● **Provided data**:
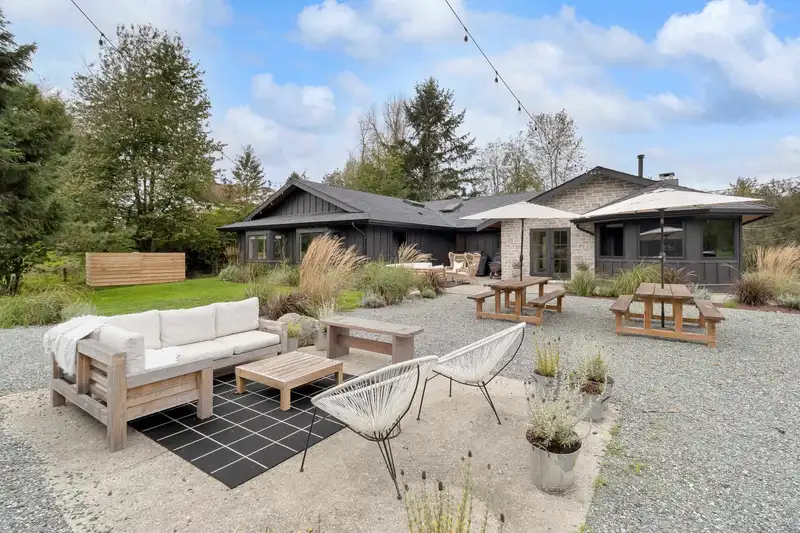 33496 IHLES AVENUE - photo 1 of 38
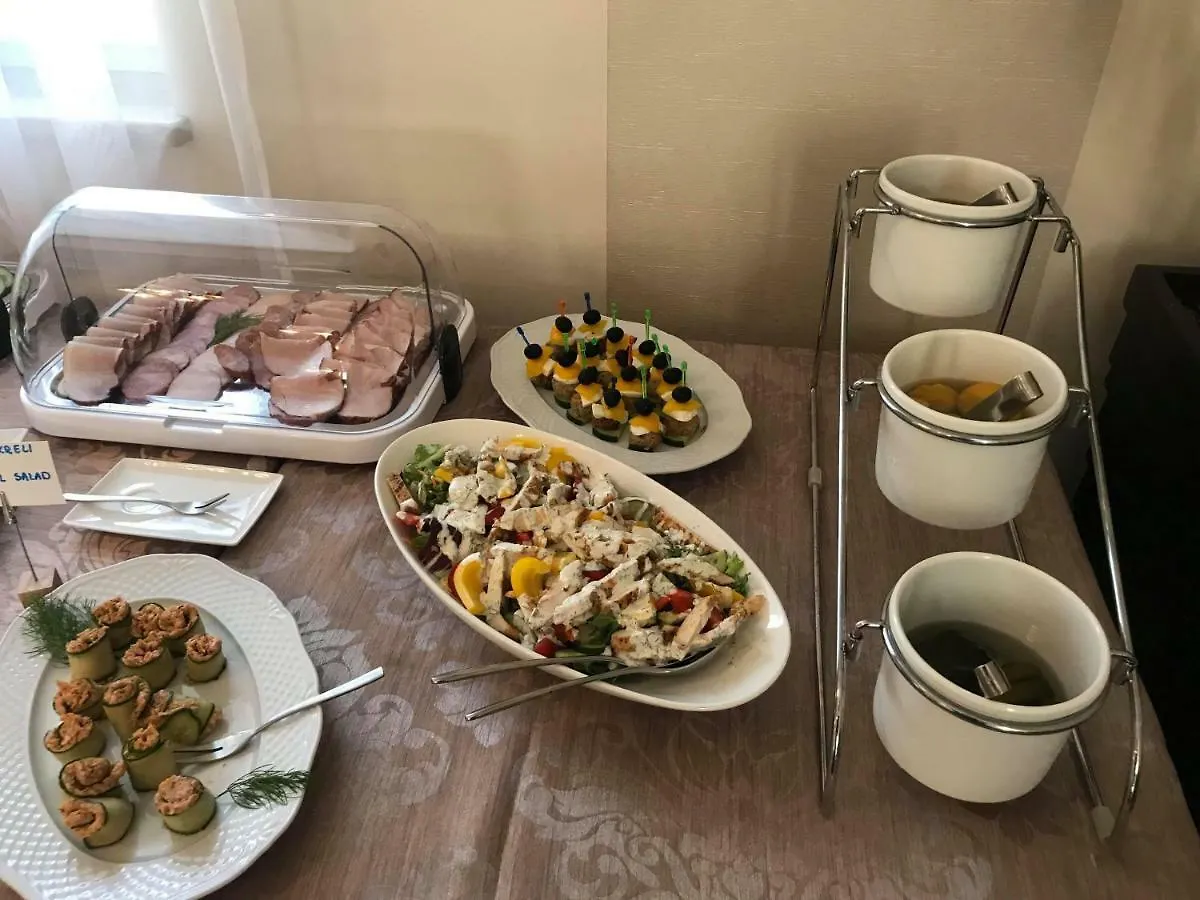 Leszczynowy Dworek Danzica Bed & Breakfast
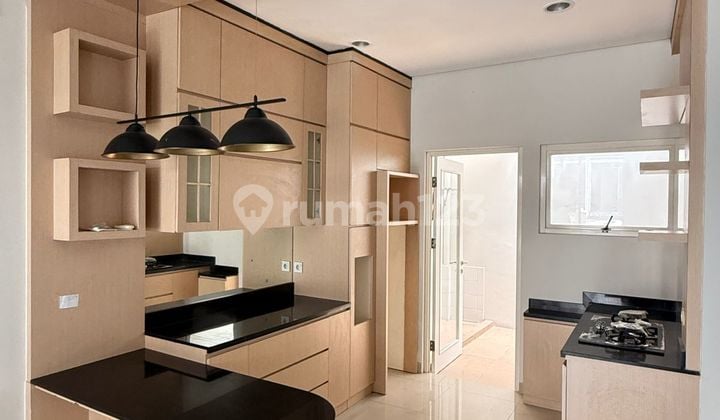 Dijual Cepat Rumah Semi Furnished Rapi Kamar 4 di Residence One BSD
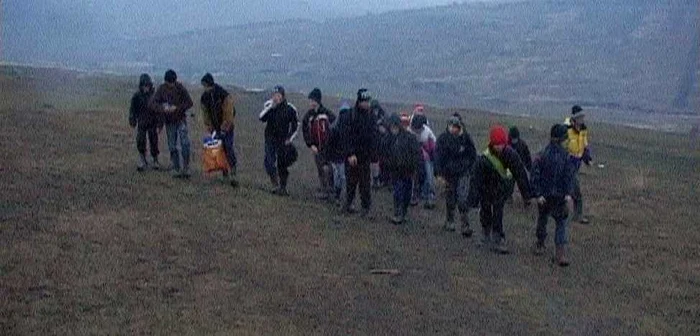 Botoşani: Elevii bat zilnic kilometri întregi ca să înveţe carte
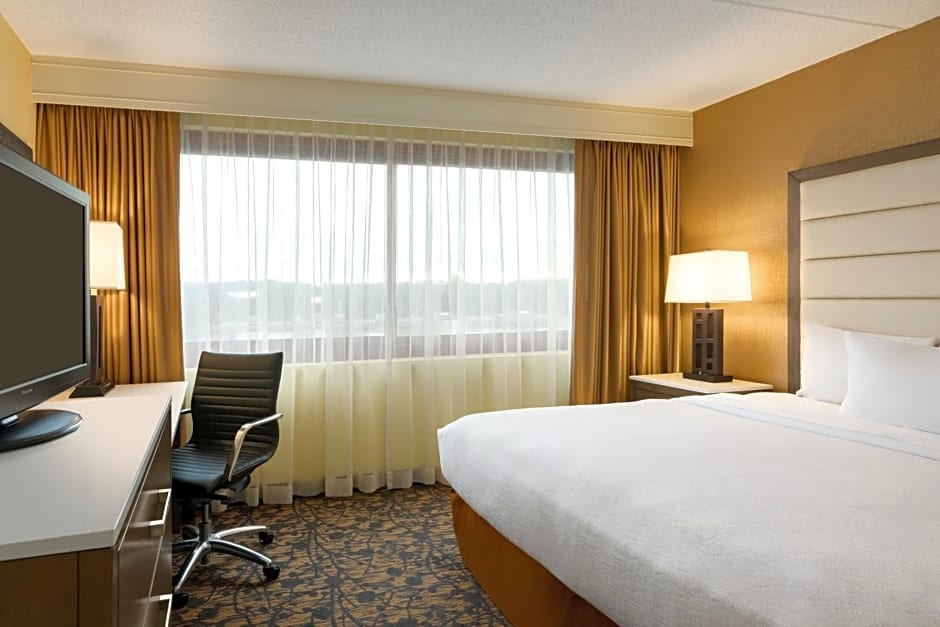 Embassy Suites by Hilton Boston Waltham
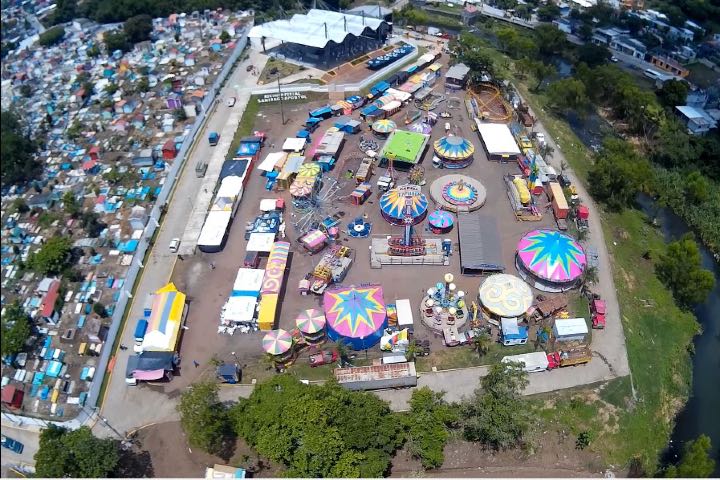 Vista aérea de la feria. Foto: Archivo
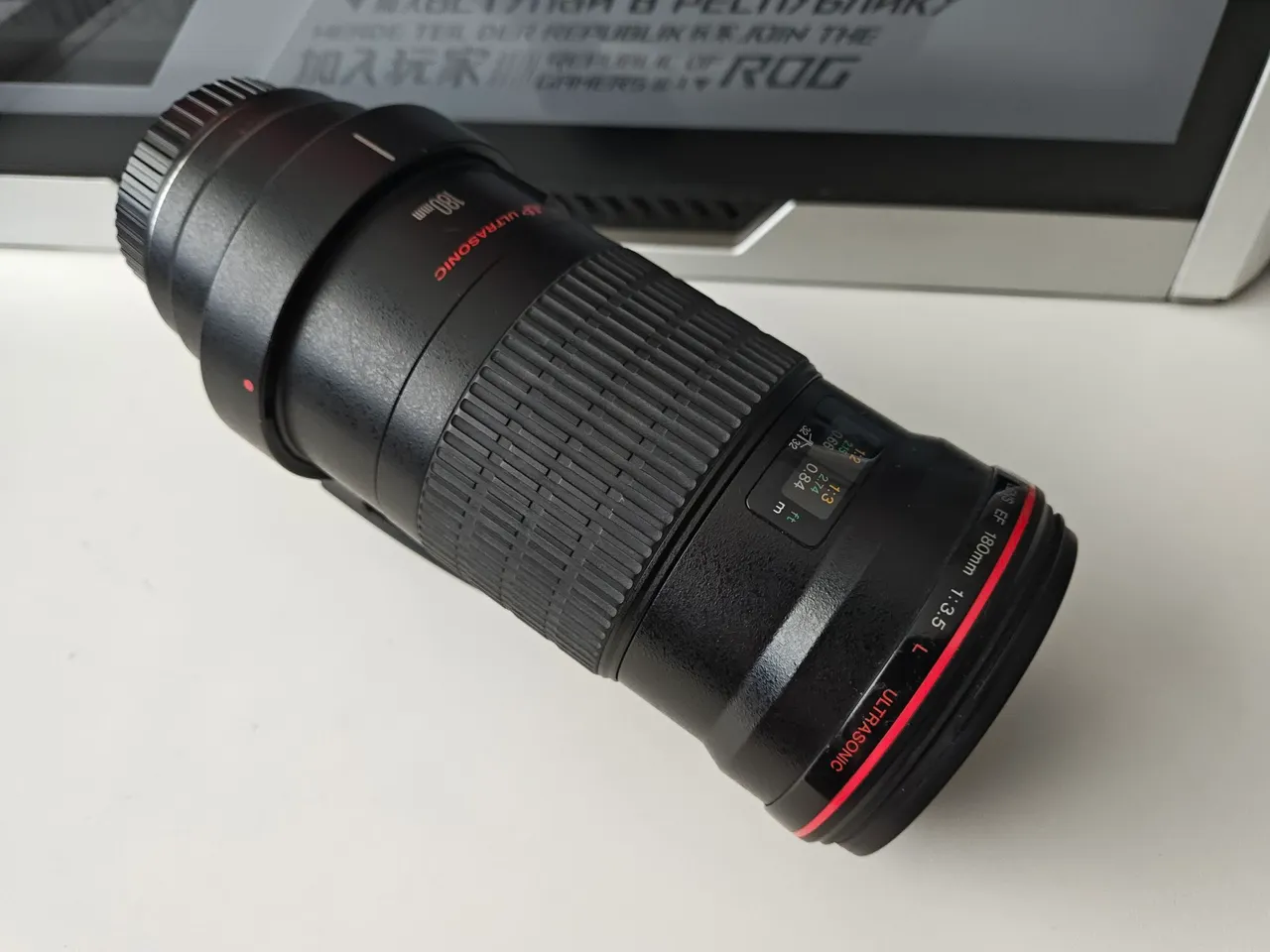 Canon EF 180mm f3.5 L Macro usm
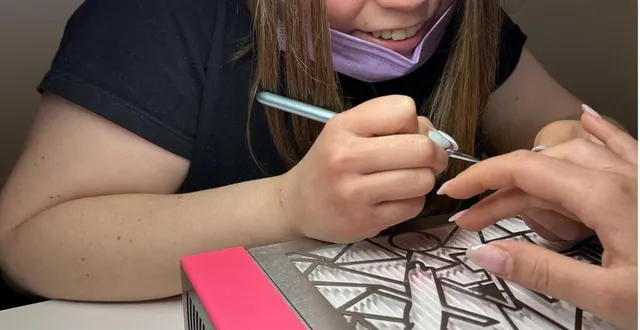 photo  l’art de dessiner sur les ongles avec pacéfie.  &copy;  ouest-france 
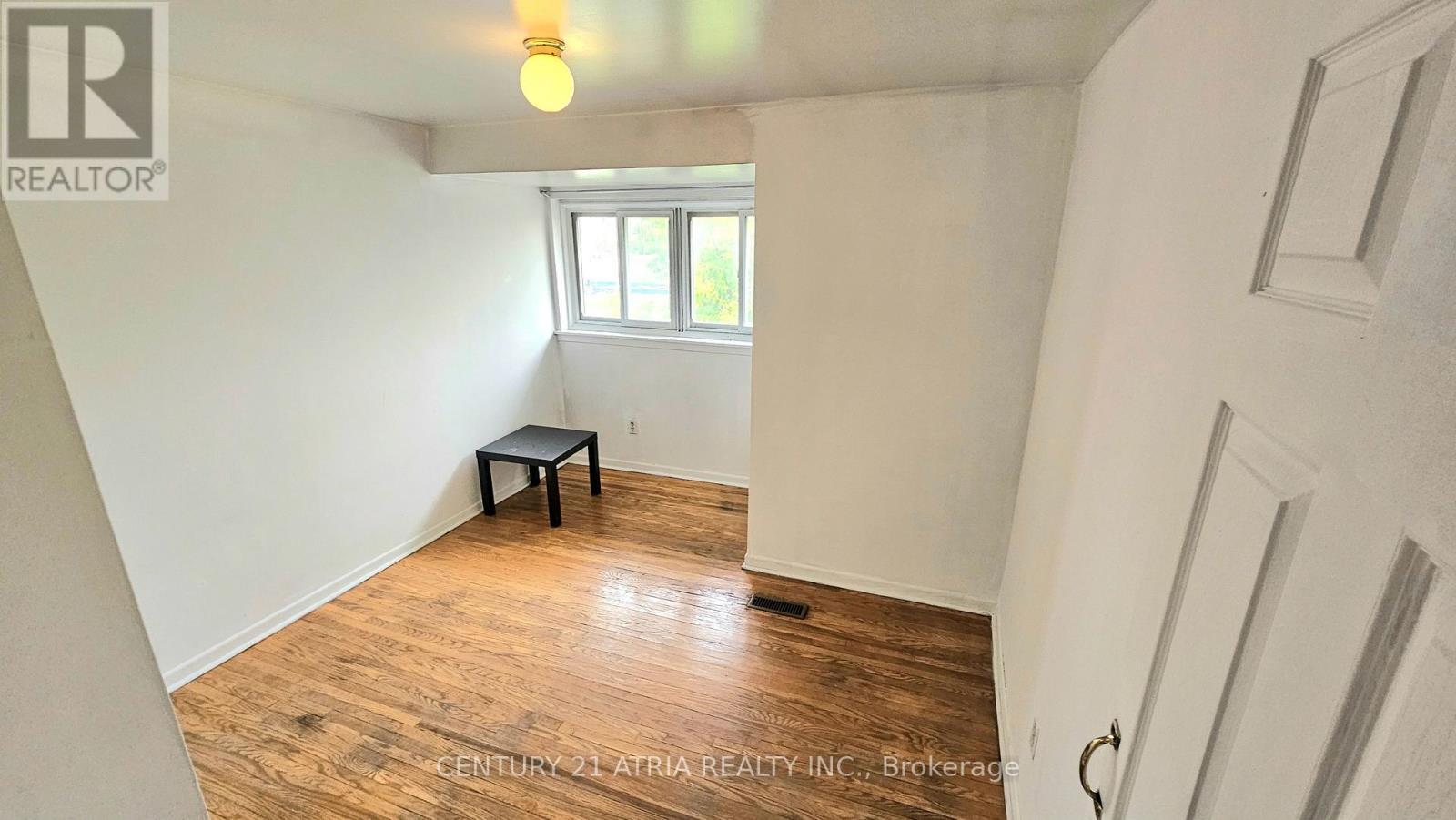231 - 260 John Garland Boulevard, Toronto (West Humber-Clairville), Ontario  M9V 1N8 - Photo 7 - W12189342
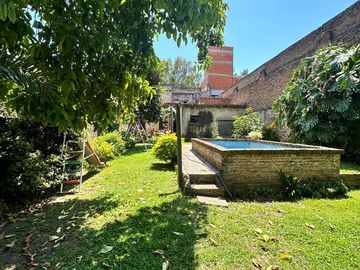 VENTA - CASA MULTIFAMILIAR - TAPIALES - SOBRE AVDA. B. SUR MER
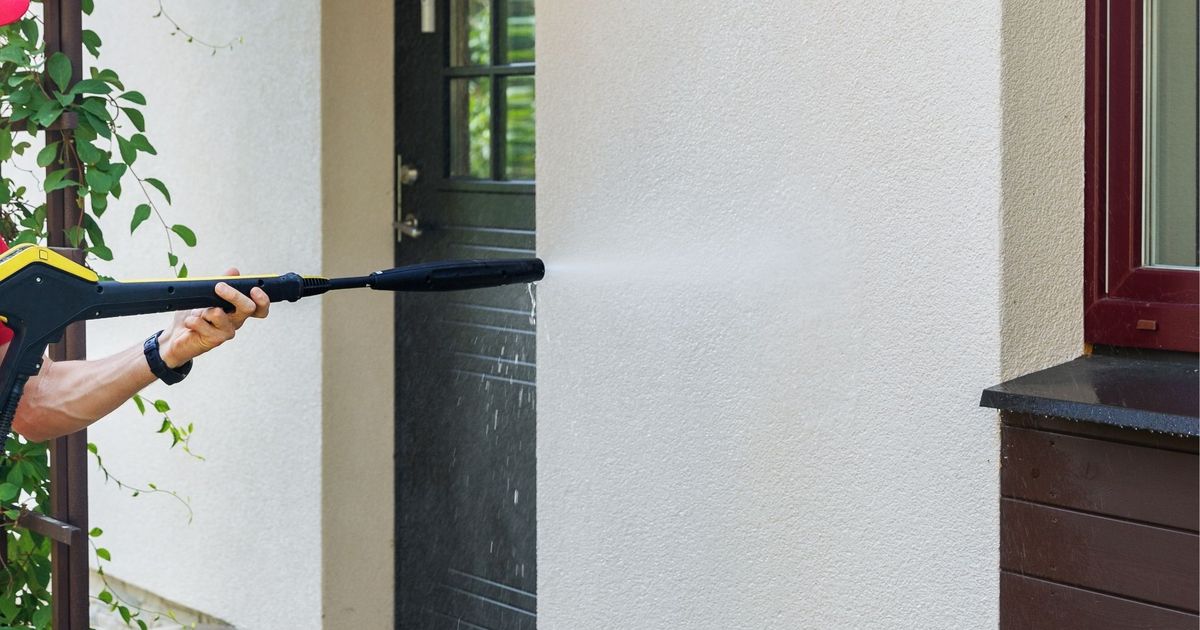 Geld-kassiert-Fassade-blieb-schmutzig-Polizei-ermittelt-gegen-dubiose-Reinigungsfirma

● **Task statement**:
Your task is to restate word for word the lines from the top of the data to the line containing "Embassy Suites by Hilton Boston Waltham", both ends included, with every picture left out.

● **Your solution**:
 33496 IHLES AVENUE - photo 1 of 38
 Leszczynowy Dworek Danzica Bed & Breakfast
 Dijual Cepat Rumah Semi Furnished Rapi Kamar 4 di Residence One BSD
 Botoşani: Elevii bat zilnic kilometri întregi ca să înveţe carte
 Embassy Suites by Hilton Boston Waltham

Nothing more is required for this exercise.